Leave out the pictures and return every entry exactly as it appears.

● Entries shown
_____
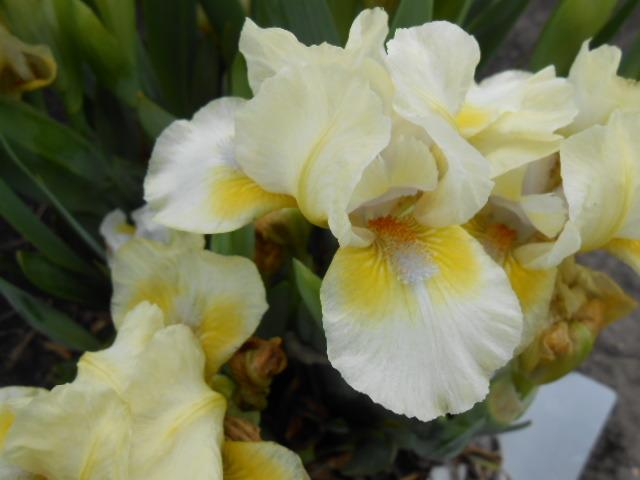 Photo of Standard Dwarf Bearded Iris (Iris 'Skydancer') uploaded by crowrita1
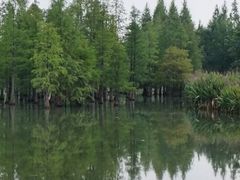 -白鹭湾湿地公园
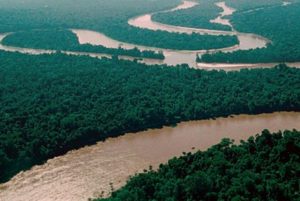 Бассейн Амазонки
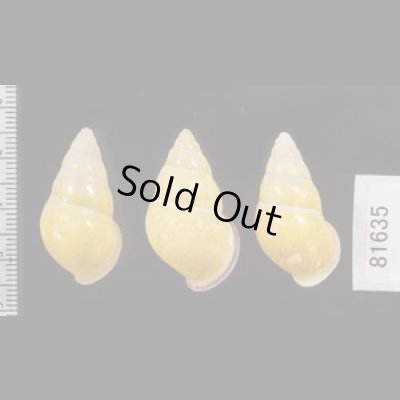 画像2: ハナヤカクチベニマレーマイマイ (仮称)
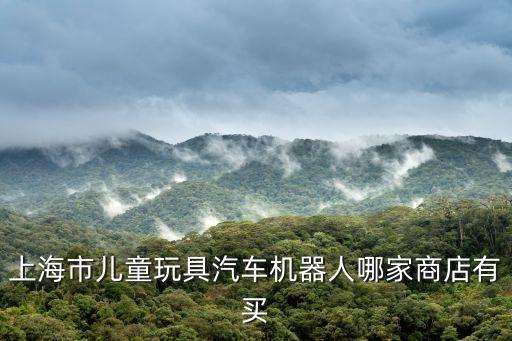 上海市兒童玩具汽車機器人哪家商店有買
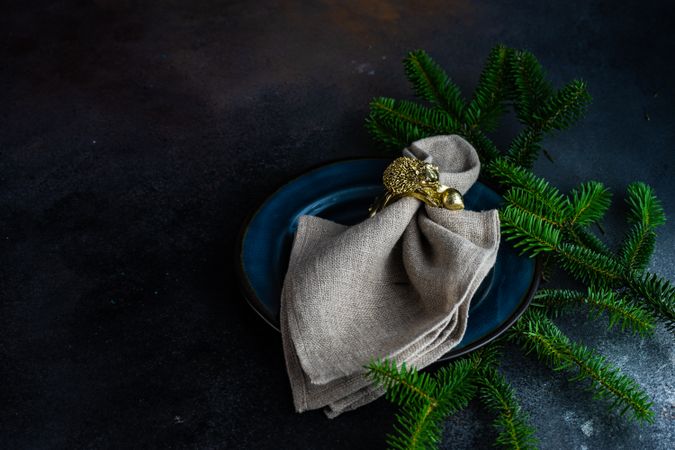 Navy plate with golden napkin ring surrounded by pine branch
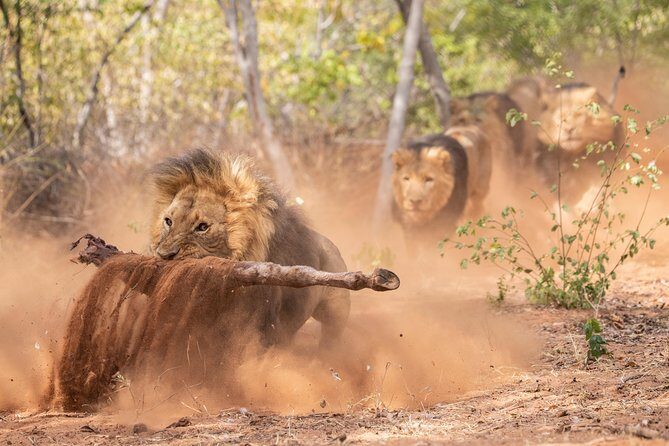 Lion & Wildlife Sanctuary Excursion Victoria Falls - Value for Money: Is $120 Worth It?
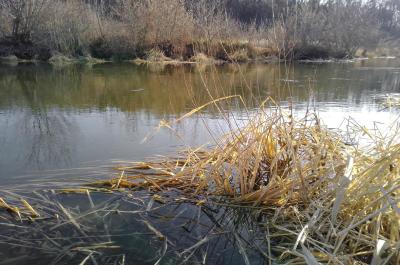 Болонская ловля мартовской плотвы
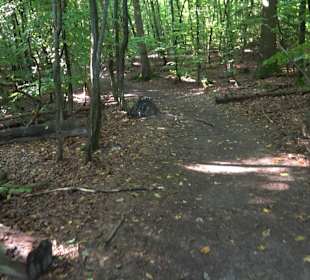 Wanderung Heslacher Wasserfälle und Heidenbrünnele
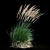 Graceful Feather Reed Grass 3D model small image 15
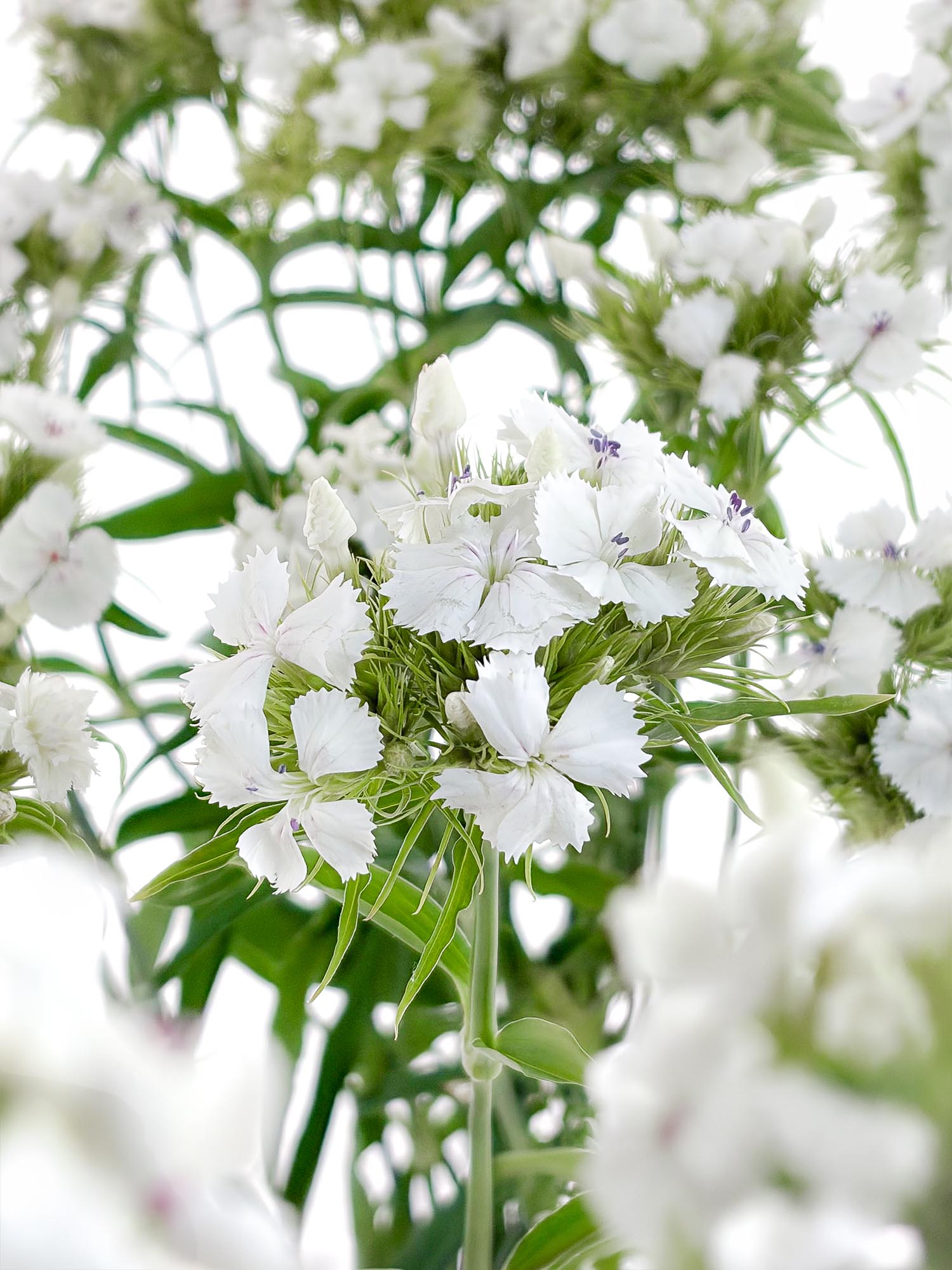 blumigo-nelken-bartnelken-schnittblume-wei image 1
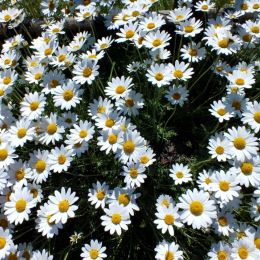 Daisies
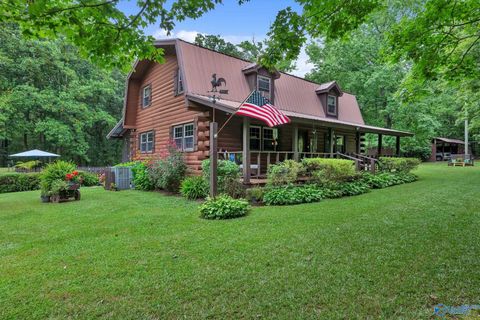 Homes For Sale - 684 Mardis Point Road<br/> Baileyton, AL 35019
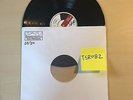 The World is A Beautiful Place Whenever If Ever Test Pressing out of 20 Vinyl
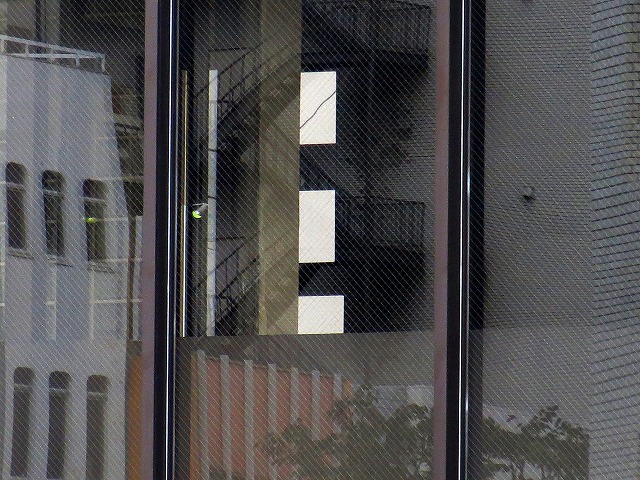 �Â̊K�i�Ȃǁ@2026/09/25(1)
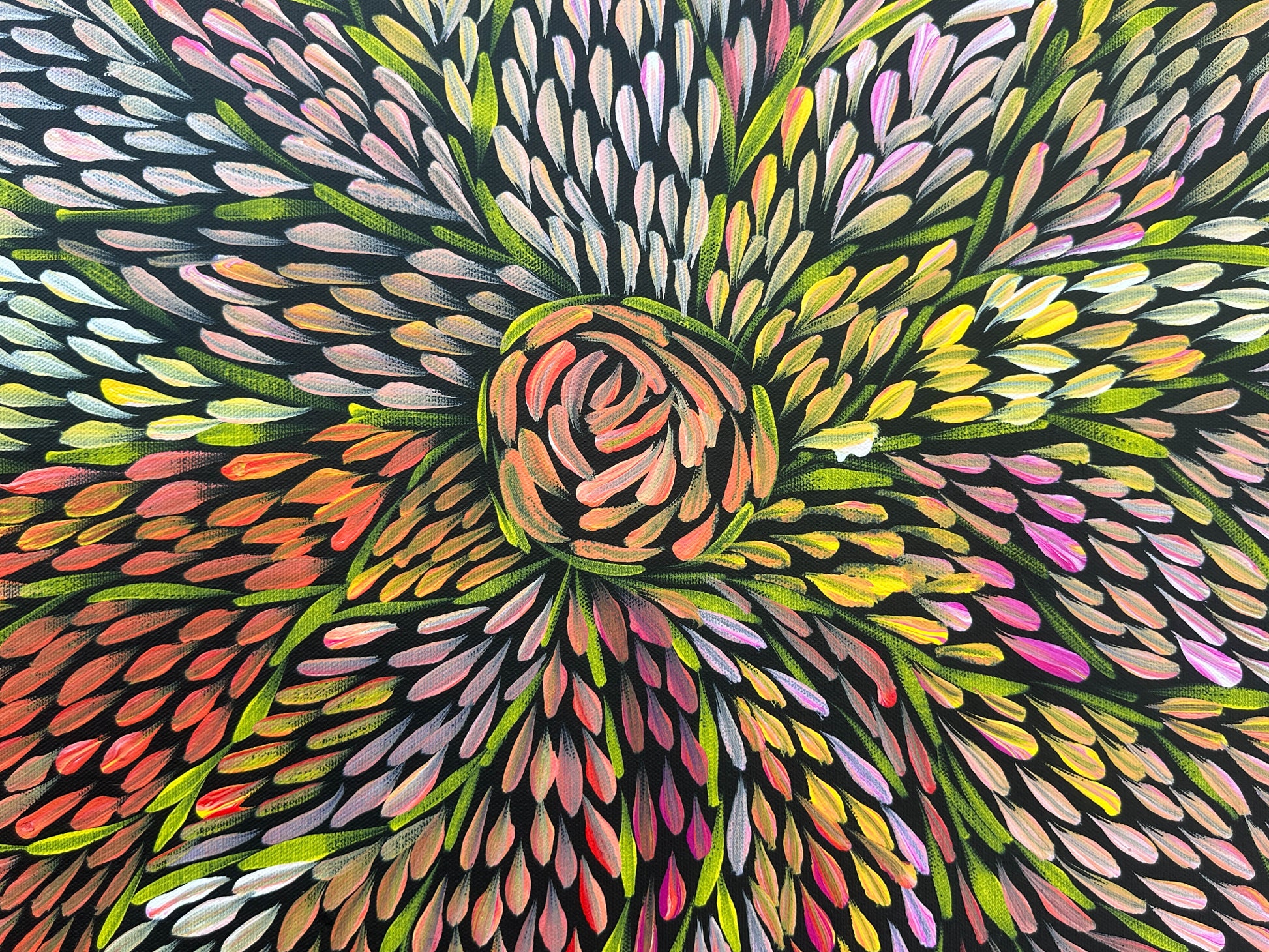 Margaret Turner Petyarre + Bush Medicine + Lake Nash + Aboriginal art + Indigneous Art + Altyerre Aboriginal Art + Beautiful + Artwork for sale + painting for sale + art gallery + darwin + interior design + interior decor + decor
_____
● Expected answer
 Photo of Standard Dwarf Bearded Iris (Iris 'Skydancer') uploaded by crowrita1
 -白鹭湾湿地公园
 Бассейн Амазонки
 画像2: ハナヤカクチベニマレーマイマイ (仮称)
 上海市兒童玩具汽車機器人哪家商店有買
 Navy plate with golden napkin ring surrounded by pine branch
 Lion & Wildlife Sanctuary Excursion Victoria Falls - Value for Money: Is $120 Worth It?
 Болонская ловля мартовской плотвы
 Wanderung Heslacher Wasserfälle und Heidenbrünnele
 Graceful Feather Reed Grass 3D model small image 15
 blumigo-nelken-bartnelken-schnittblume-wei image 1
 Daisies
 Homes For Sale - 684 Mardis Point Road<br/> Baileyton, AL 35019
 The World is A Beautiful Place Whenever If Ever Test Pressing out of 20 Vinyl
 �Â̊K�i�Ȃǁ@2026/09/25(1)
 Margaret Turner Petyarre + Bush Medicine + Lake Nash + Aboriginal art + Indigneous Art + Altyerre Aboriginal Art + Beautiful + Artwork for sale + painting for sale + art gallery + darwin + interior design + interior decor + decor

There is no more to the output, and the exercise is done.